Bir milyon civarında insan! Herhalde aralarında sosyalistler de var ama daha önceki seçimlerde sosyalist partilerin aldığı oylara bakarsak muhakkak CHP ve herhalde kısmen AKP’ye oy vermiş insanlardan bahsediyoruz. Bunlar bir seçimde üç seçenekten en soldakine oy vermekte bir beis görmediler. Bu önemsiz bir şey midir? Ben bir seçimde en son “en sola” diye bir kampanya içinde bulunduğumda 250 bin oy anca alınmıştı ve bu bir ömür önceydi. Bu insanları toplumsal muhalefete ve siyasal sürece daha aktif, daha sürekli ve daha doğrudan katmak için uğraşmak gerekmez mi? Her seçim değerlendirmesinde neyi doğru bildiğimizi ve niye haklı olduğumuzu anlatmak için kalem oynatmak kuşkusuz daha kolay ama daha fazla kolaya kaçarsak Gezi’den beri sürekli sonunun yakın olduğunu iddia ettiğimiz Erdoğan çevresinde oluşan otoriter rejim varlığını sürdürmeye devam edecek. Okuduğum değerlendirmelerin pek çoğu bu seçmenleri hiç dikkate almıyor ve kendilerine paye çıkarmak için kendileri gibi “ben oynamıyorum” diyen seçmenden bahsetmeyi tercih ediyor.

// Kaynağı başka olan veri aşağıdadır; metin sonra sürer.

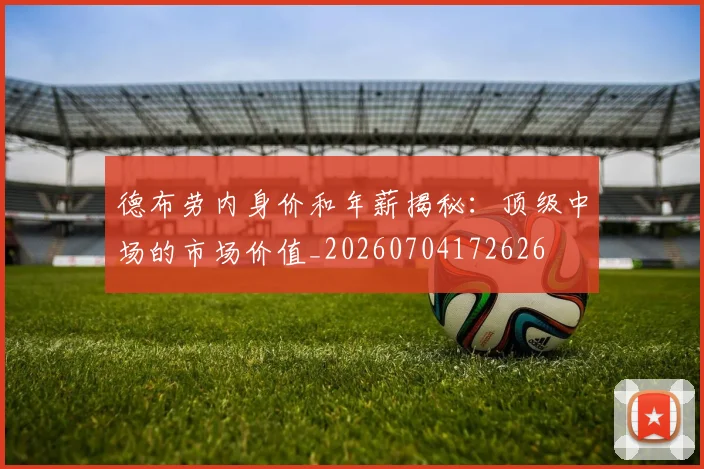 德布劳内身价和年薪揭秘:顶级中场的市场价值_20260704172626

Bu yazının konusuyla çok ilgisiz olsa da şunun altını çizerek bitirmek istiyorum. Seçim değerlendirmelerinden anladığım, Demirtaş kampanyasını beğenmeyenlerin bir nedeni de Demirtaş yerine “solcu” aday çıkarılmamış olması. Bu herhalde seçimlerde “destan” yazan sosyalistlerden bir aday olsaydı anlamına geliyor zira Demirtaş’ın sağcı biri olduğu herhalde iddia edilmiyordur. Bu noktada hatırlatmak istediğim bir şey var. 30 Mart’tan sonra Kaya Güvenç kampanyasının ortaya çıkardığı skandal oy oranının siyasi sorumluluğu ne olacak dedik, çıt çıkmadı. Kaya Güvenç kampanyası kim vurduya gitti. O cinayet aydınlanmadan kimse kitleleri kapsayacak sol adaydan bahsetmesin. Kendi adayları varken Mansur Yavaş’a tıpış tıpış oy verilmesine göz yumanların Demirtaş bize dayatıldı diye yakınma hakları yok. Ayıp oluyor.